Putting wind in their sails
When Sailability Greater Tampa Bay first started, Sandy Ackley remembers she and another founder using a hand-pump lift to move people with disabilities into non-capsize sailboats. One of those people was a 220-pound man.
A lot has changed since then. When the nonprofit organization celebrated its 7th anniversary in June, it boasted not only an ADA-approved dock facility with an electronic lift but also a fleet of 13 boats adapted with joysticks, chin controls or sip-and-puffs. It has a roster of 22 Special Olympic sailors from four counties and 10 to 15 other regular sailors.
“We’re looking to get some of our Special Olympic sailors into full-tiller boats—that’s what we’re aiming toward now,” said Ackley, administrator and event coordinator.
Each year, Sailability Greater Tampa Bay offers a growing list of activities, including community sails.
On June 29, during its anniversary celebration, 55 people with disabilities registered to sail.

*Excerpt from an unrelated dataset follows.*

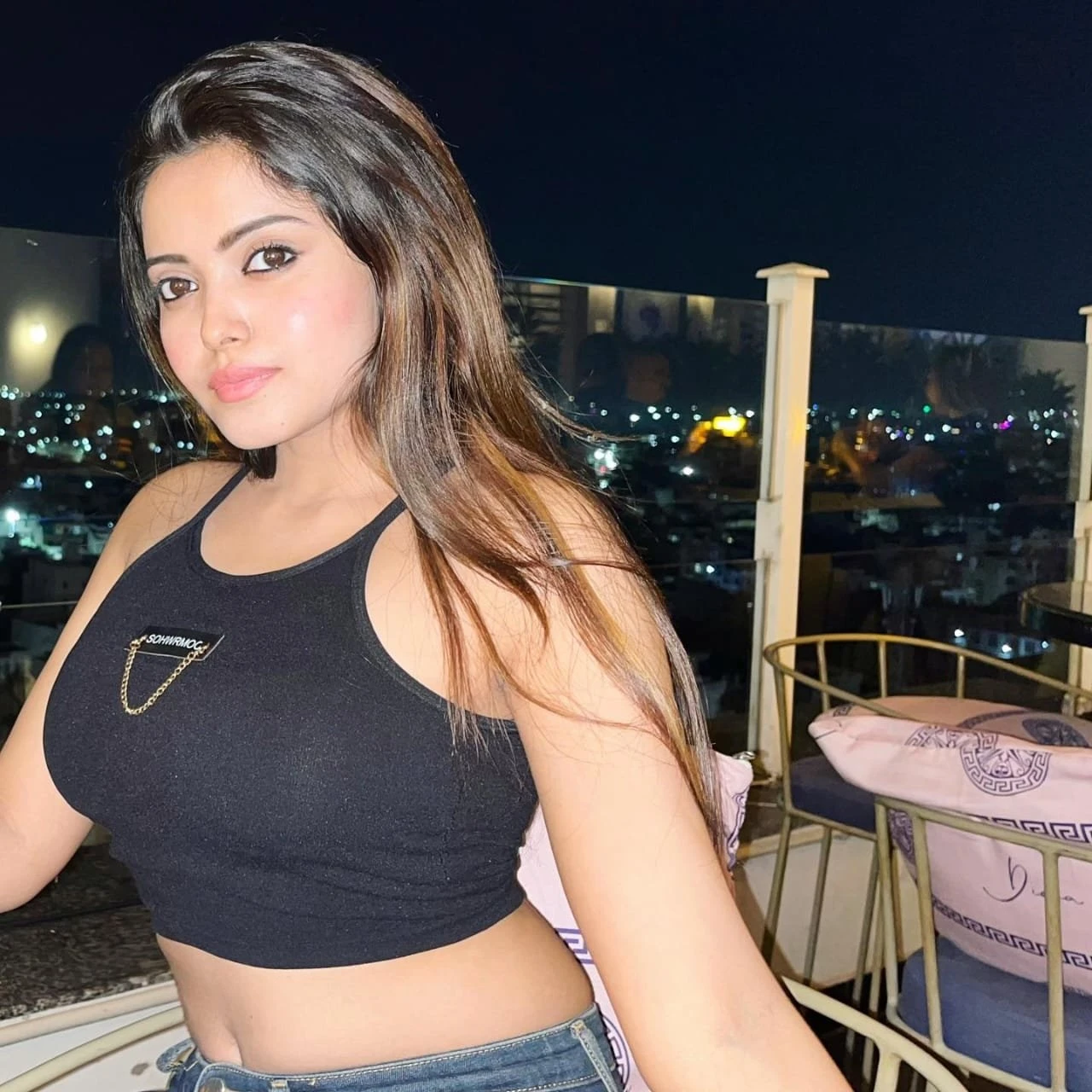 Janvi – Indian escort in Mumbai — 1 / 2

Sailability Greater Tampa Bay has struck a chord with people with disabilities, Ackley said, because it gives them a taste of freedom that, otherwise, they wouldn’t have.
“One gentleman-he says he’s taken out of his wheelchair only to go to bed or to see a doctor,” she said.
Those are the stories that make all the behind-the-scenes work worth it, Ackley said. As a nonprofit and volunteer-run organization, it’s not easy to buy equipment or fund activities.
“We write grants, we beg, we borrow,” she said. “I can’t say I steal, but I’ll bother.”
Bruce Bayes, a provider who sits on Sailability Greater Tampa Bay’s board of directors, says the organization has helped to unite the local sailing community.
“People who sail can be on the snooty side and to see them interacting with people with disabilities has been awesome to watch,”he said.